The heart of Guru Ravidas Jayanti is the community gathering — in temples, Gurdwaras, Ravidassia Deras (community centres), and public halls — for continuous recitation and singing of Guru Ravidas's hymns. These sessions often continue through the night, creating an atmosphere of collective devotion and reflection.

 

Processions — Nagar Kirtan

In cities with large Ravidassia and Dalit communities — particularly in Punjab, Delhi, Uttar Pradesh, and Maharashtra — large Nagar Kirtan processions are organised. Participants carry the portrait or image of Guru Ravidas, sing hymns, and walk through the streets in a peaceful, joyful demonstration of faith and community solidarity.

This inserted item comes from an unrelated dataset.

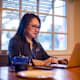 Asian American female business student in her mid-40s typing an assignment for her online class at home. She is sitting at her dining room table, and is wearing glasses and business casual clothes.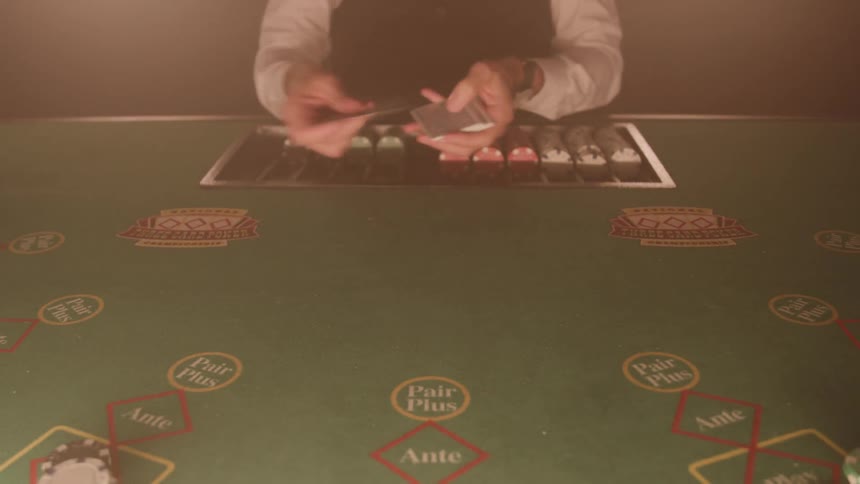 A dealer dealing several cards on a table with some writing and chips in front of him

In Varanasi, the city of his birth, the celebrations are particularly significant. The area around Seer Goverdhanpur — now home to the main Guru Ravidas temple — draws pilgrims from across the country and from abroad, especially from the large Punjabi Dalit diaspora in the United Kingdom, Canada, and the United States.

 

Langar — The Community Kitchen

In the true spirit of Guru Ravidas's teaching on equality, Langar — free community meals open to everyone regardless of caste, religion, or background — is organised at temples and public spaces across the country.

The Langar is not just food. It is a living enactment of the saint's most radical teaching: that all human beings sit together, eat together, and are equal in that moment. In a society where food has historically been one of the sharpest markers of caste division — who can cook for whom, who can eat with whom — the shared Langar is an act of profound political and spiritual significance.

 

Special Programmes in Varanasi and Punjab

Varanasi hosts the largest official celebrations, with cultural programmes, exhibitions about Guru Ravidas's life, and spiritual discourses by scholars and saints. In Punjab — which has one of the largest Ravidassia populations in India — the day is observed as a major public event, with state government programmes, school activities, and community events across every district.

 

My Personal Reflection on Guru Ravidas Jayanti

I grew up in Uttar Pradesh, in a neighbourhood where Guru Ravidas Jayanti was observed every year — not with great fanfare, but with a quiet, consistent devotion that made a deep impression on me.

What I remember most is not the formal prayers or the processions. It is the Langar.

I remember sitting on the ground in a community hall, eating simple dal and roti alongside people from every walk of life — elderly workers, young students, families I had never met. There was something in that act of sitting and eating together that felt more genuinely spiritual than almost anything else I had experienced.

I remember asking my mother once why we had to sit on the ground for Langar rather than at tables and chairs. She said something I have never forgotten: "Zameen pe baithke khane se pata chalta hai ki sab barabar hain." — Eating on the ground together shows that everyone is equal.

That, I realised later, is exactly what Guru Ravidas taught. And that simple community meal, eaten on the floor of a hall in a small UP town, carried his teaching more completely than any sermon I have ever heard.

 

Guru Ravidas's Relevance Today — Why His Voice Still Matters

Nearly six centuries after his birth, the questions Guru Ravidas raised are still alive in India and in the world.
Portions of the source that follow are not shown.